The GGL’s own data on the online gambling black market recorded a channelisation rate of 77.03% — meaning roughly one in four euros of online gambling activity continues to flow to unlicensed operators despite four years of licensing activity under the current treaty. The land-based illegal machine problem suggests the full scope of unlicensed market participation is wider than that online figure captures.
Enforcement capacity under the current framework has real limits. The GGL issued 231 cease-and-desist proceedings in 2024, with 83 directed at illegal gambling operators and the remainder against advertising for unlicensed services. Website blocking as an enforcement tool has been constrained by German court rulings finding the current legal basis inadequate. Legislative amendments to address that gap are under development but have not yet been enacted.

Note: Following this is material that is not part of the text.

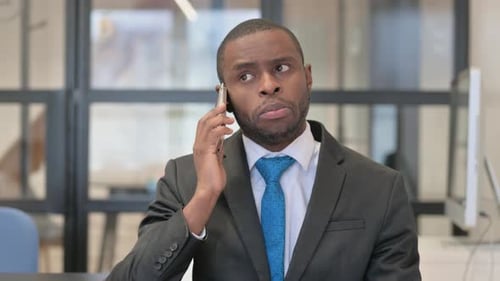 Young Adult Using Phone in Office Workplace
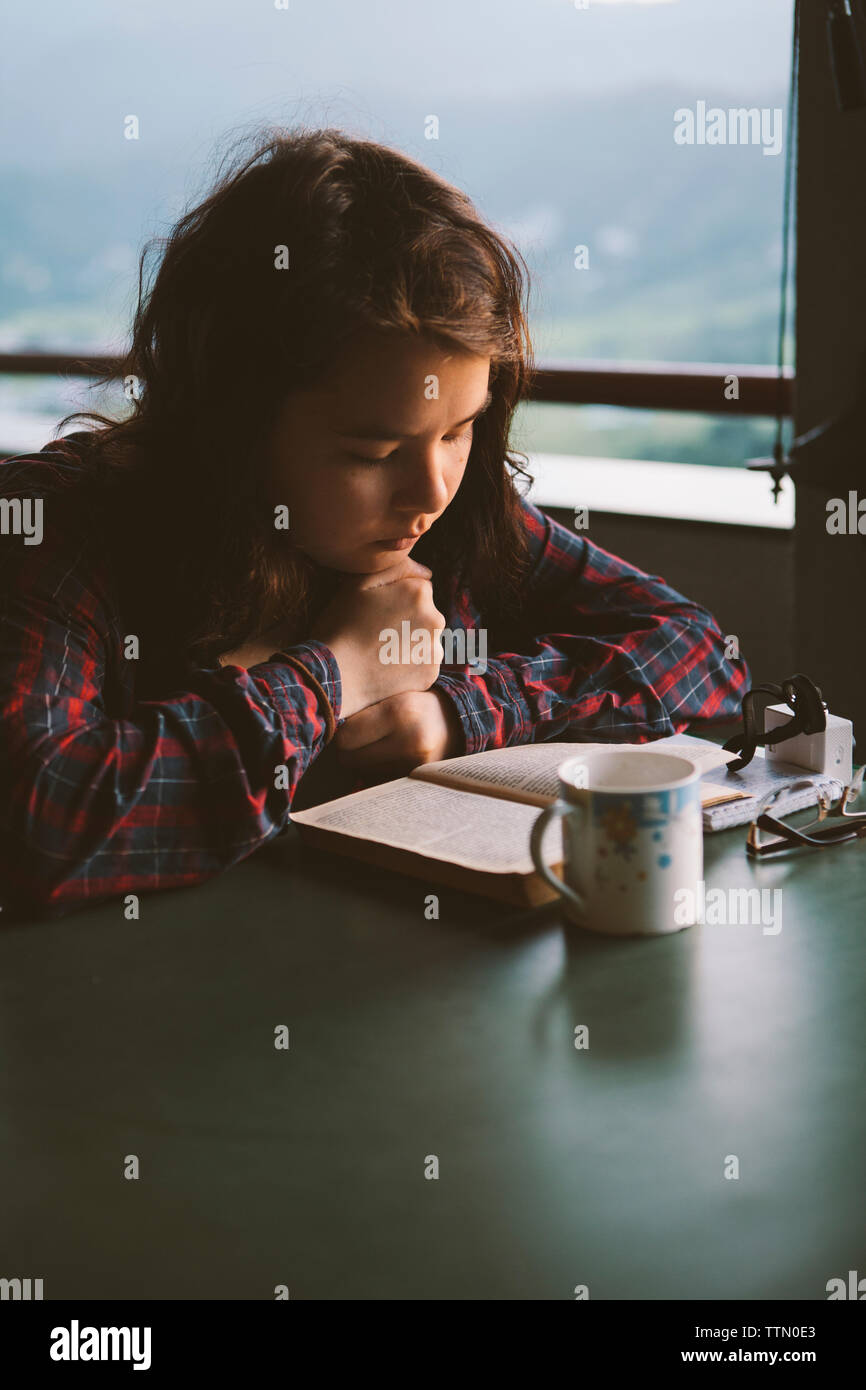 Junge Frau mit Buch mit Tasse Kaffee am Tisch Stockfoto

What the Evaluation Needs to Answer
Experts at the Hohenheim symposium framed the central dilemma plainly: regulations set too strictly damage the legal market; regulations set too loosely increase gambling-related harm. The Berlin raid and the North Rhine-Westphalia enforcement figures confirm the illegal market is already operating at significant scale under the current balance.
The 2026 State Treaty evaluation will be the next formal checkpoint for German gambling policy. The outstanding questions — whether stake limits, location rules, or enforcement powers require revision, and whether the IP blocking legal gap will be closed before the next evaluation cycle — will determine whether the licensed market can compete on terms that keep players in regulated venues.